EXERCISE MATERIALS Start Marker

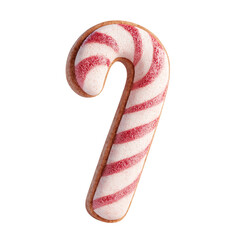 Christmas Candy Cane Dessert Isolated on Black Background.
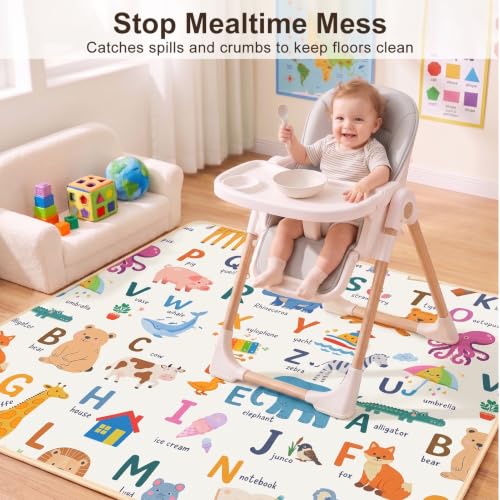 Basumee Splat Mat for Under High Chair, Waterproof & Mess-Proof Floor Mat | 46"×42" Baby Splash Mat, Non Slip Bottom, 4-Layer Fabric, Food & Liquid Catcher, Machine Wash for Boy Girl, Meals, BLW, Craft - color: Animal Alphabet, size: 46x42 Inches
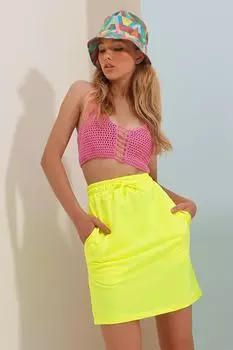 Юбка - Желтая - Мини Trend Alaat Stili, желтый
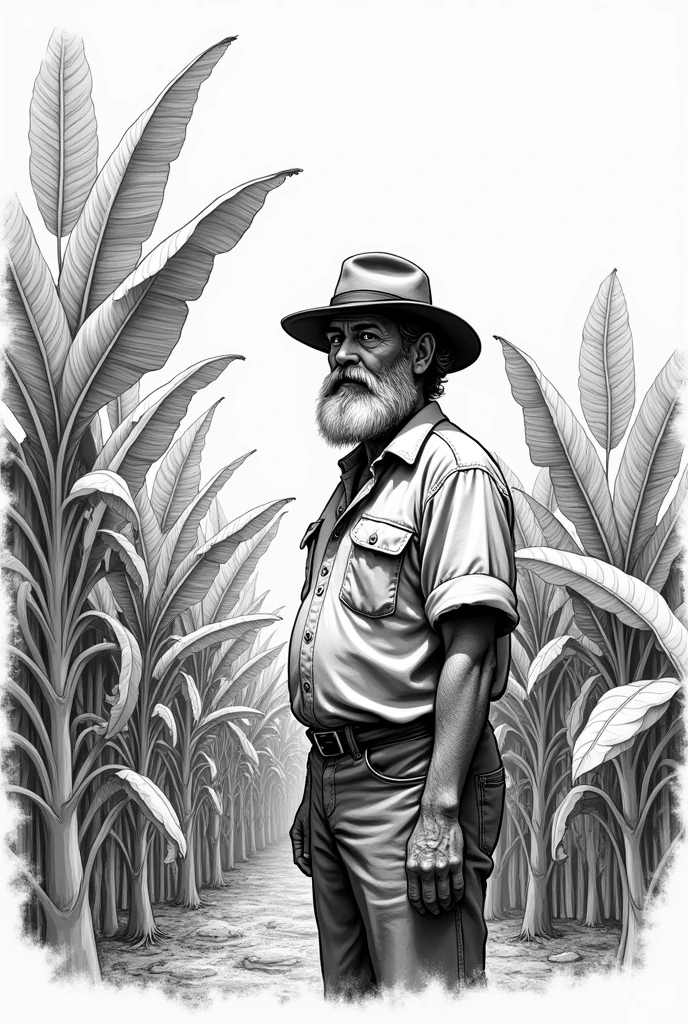 Create a black and white drawing of a man with a beard and hat , checking his banana plantation, Make the plants have hanging bananas.
Take away some of the realism and make the bottom part of the plant a single plant and not with roots.
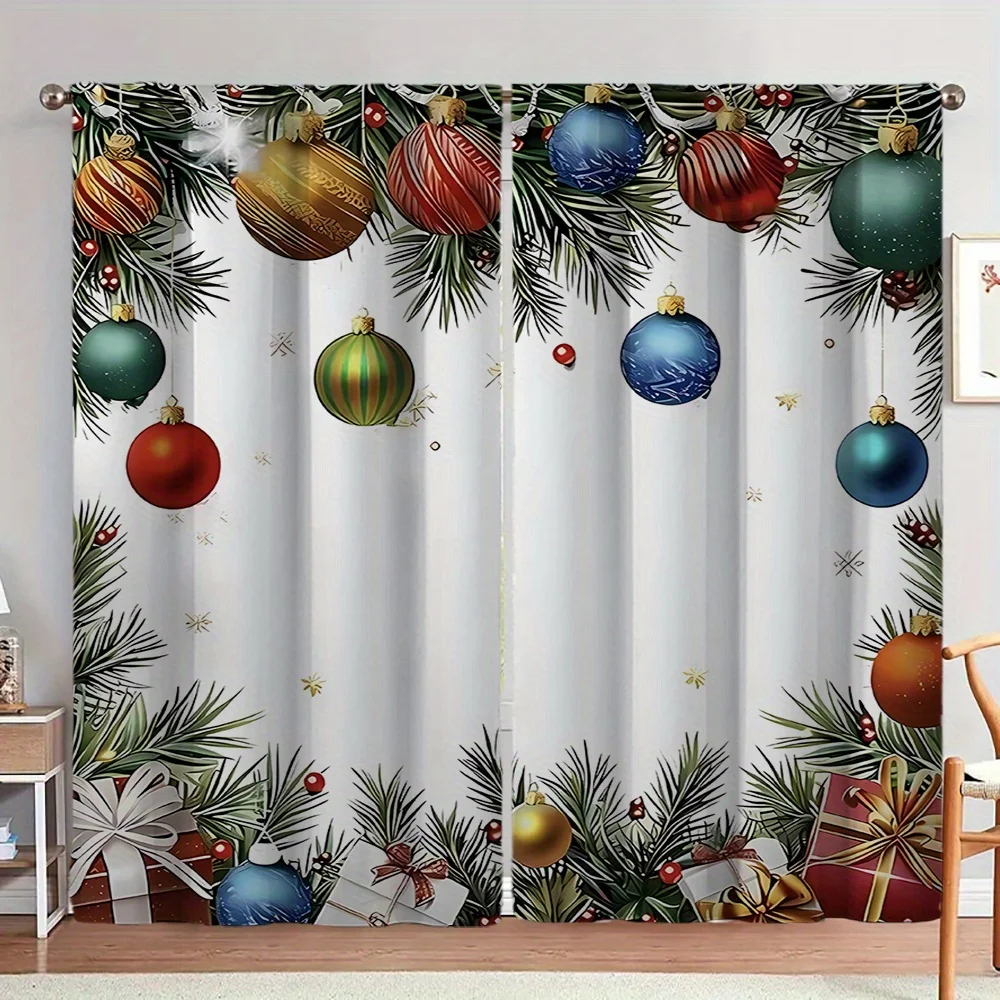 2 шт. праздничные рождественские шторы в стиле ретро с красочными светлыми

EXERCISE MATERIALS End Marker

## WORK INSTRUCTIONS
Reproduce the entries above word for word. Pictures stay out.

## YOUR RESPONSE
 Christmas Candy Cane Dessert Isolated on Black Background.
 Basumee Splat Mat for Under High Chair, Waterproof & Mess-Proof Floor Mat | 46"×42" Baby Splash Mat, Non Slip Bottom, 4-Layer Fabric, Food & Liquid Catcher, Machine Wash for Boy Girl, Meals, BLW, Craft - color: Animal Alphabet, size: 46x42 Inches
 Юбка - Желтая - Мини Trend Alaat Stili, желтый
 Create a black and white drawing of a man with a beard and hat , checking his banana plantation, Make the plants have hanging bananas.
Take away some of the realism and make the bottom part of the plant a single plant and not with roots.
 2 шт. праздничные рождественские шторы в стиле ретро с красочными светлыми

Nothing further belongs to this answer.